Introduction to Ultralight Airplanes

Choosing a Paragliding School

Your teacher, your interest's sail

I believe that throughout our lives, teachers and coaches play a key role in defining our interests. I mean think about it, when you were 7 and you loved Math and hated English, was it because you as a 7-year-old student could differentiate between your capabilities and creativity in each?! Sure not, it was because Miss. Jefferson the Math teacher was an angel and Mr. Harley the English teacher was a demon!

3 good reasons to pay for a paragliding lesson

Unlike many other sports, paragliding is not a self-learning sport by any means. You can't just buy the gear and go up in the air in no time! Basically you need an instructor to do 3 things:

  1. To introduce you to the sport and help you try it by yourself for the first time. Maybe you will not find it as easy or joyful as it was on TV!
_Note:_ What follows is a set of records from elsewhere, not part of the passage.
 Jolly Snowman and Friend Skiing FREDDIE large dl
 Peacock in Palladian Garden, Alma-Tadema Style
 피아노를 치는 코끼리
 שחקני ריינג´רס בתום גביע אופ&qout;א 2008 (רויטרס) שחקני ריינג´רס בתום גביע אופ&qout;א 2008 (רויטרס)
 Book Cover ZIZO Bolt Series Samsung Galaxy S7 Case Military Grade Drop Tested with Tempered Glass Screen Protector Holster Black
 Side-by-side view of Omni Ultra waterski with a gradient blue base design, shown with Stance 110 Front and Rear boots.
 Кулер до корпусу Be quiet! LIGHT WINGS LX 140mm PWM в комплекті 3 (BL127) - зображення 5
  2. To make sure you are safe up there and monitor your errors that could be fatal sometimes. Note that we are not talking about twisting ankles here; it could be your neck!

  3. To give you the license

License?! Like a "flying license"?!

Oh yes, considering that you are in the USA allow me to tell you this. Paragliding is an 'air' sport, therefore it is regulated under the Federal Aviation Regulations which state that you do not need a license to fly.
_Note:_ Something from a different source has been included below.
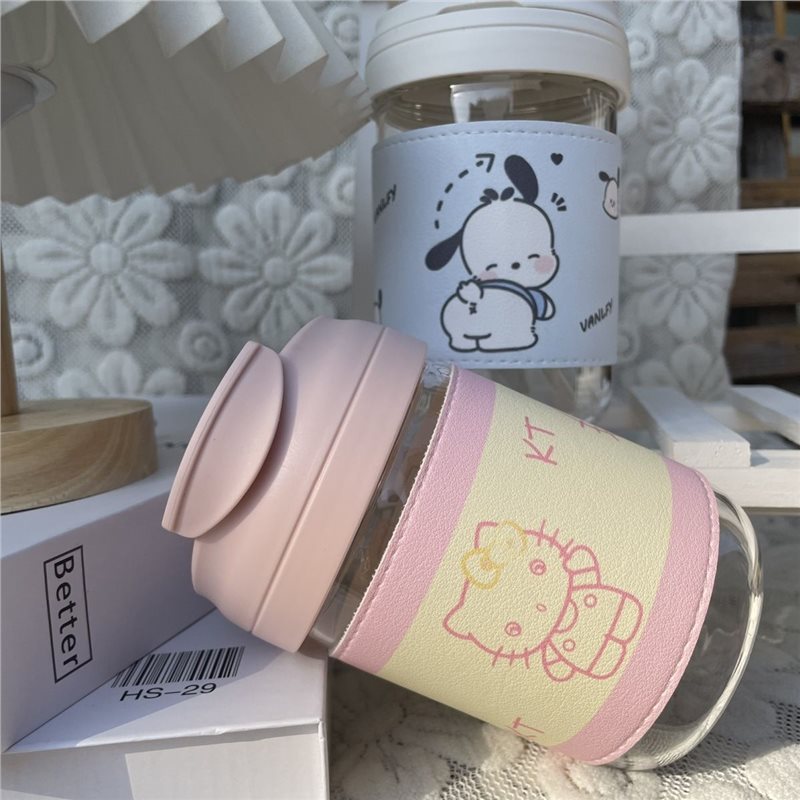 PACHA DOG GLASS WATER CUP INS 고온 폭발 방지 간단한 틈새 귀여운 인터넷 연예인 뜨거운 학생 한국식 워터 컵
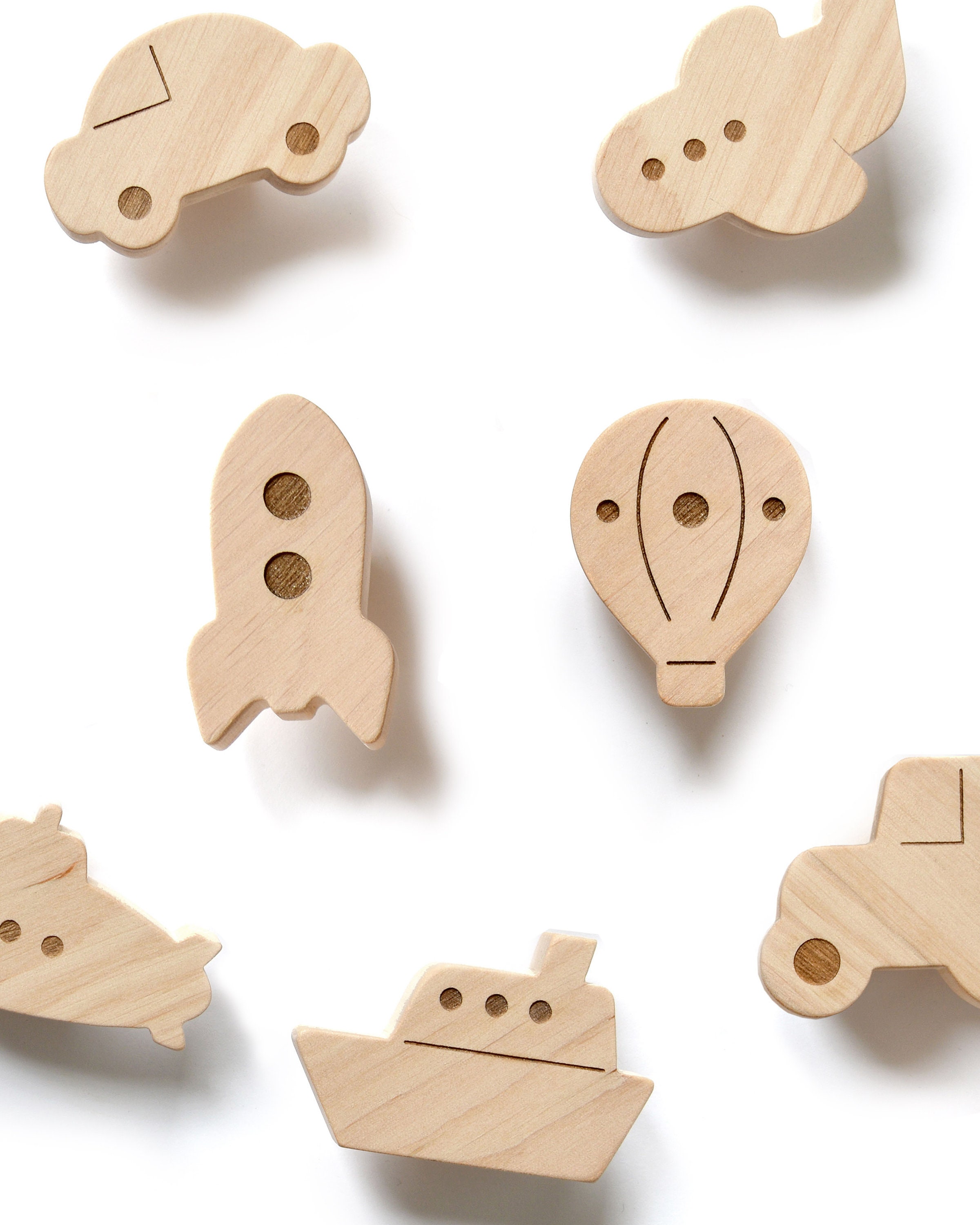 Boy Nursery Wall Hooks Transport - Vehicle Wood Hooks, Kids Coat Hooks - Rocket, Hot Air Balloon, Tractor, Car, Plane, Submarine, Ship 1 pcs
But... some states have specific flying policies. For instance, to fly in certain cities or regions you have to take a training course which will ultimately award you a license.

This license is called the Novice program and it follows the recommendations and guidelines of an association called USHGA (United States Hang Gliding Association). You can take classes in the first part (Para 1) which will allow you spread your wings then the other parts (Para 2 and 3) in case you want to get more into the depth.

If you are not in the USA you may eventually not need a license, but I wouldn't rely on that.

How much does it cost?

Almost all paragliding schools give you a one or two-day introductory class for $200-$400 in order to get your feet wet. This class is very important as it helps you decide whether or not to go on with this school/instructor or with paragliding as a whole.

After you decide to proceed to Para 1 you will probably pay from $300-$400 for the 2-days program which will give you the basic license.

Para 2 and is a bit more expensive, ranging from $1500 to $3000. Also you need up to 2 weeks in order to finish it.

How to find a good paragliding school?

Like any school, a quick pre-visit to the school's website, 'training hill' or office will tell you a lot about what you are getting in return of your money. Here are some points to inquire about:

  • The USHGA rating of the instructors (yep, they do have ratings for instructors as well as pilots and the highest of all is called 'Advanced Tandem Instructor').

  • The number of hours per each class and the training days. In case the school is in a region which is subject to climate changes, expect that the course duration may take more than planned. Some schools have a 'back up hill' in case the wind direction or speed change!

  • Instructor:Pilots ratio. This is a very important factor in the price differences between schools and between packages in each school.

  • Availability of DVDs or handouts.

  • Last but not least, the friendliness of the instructor!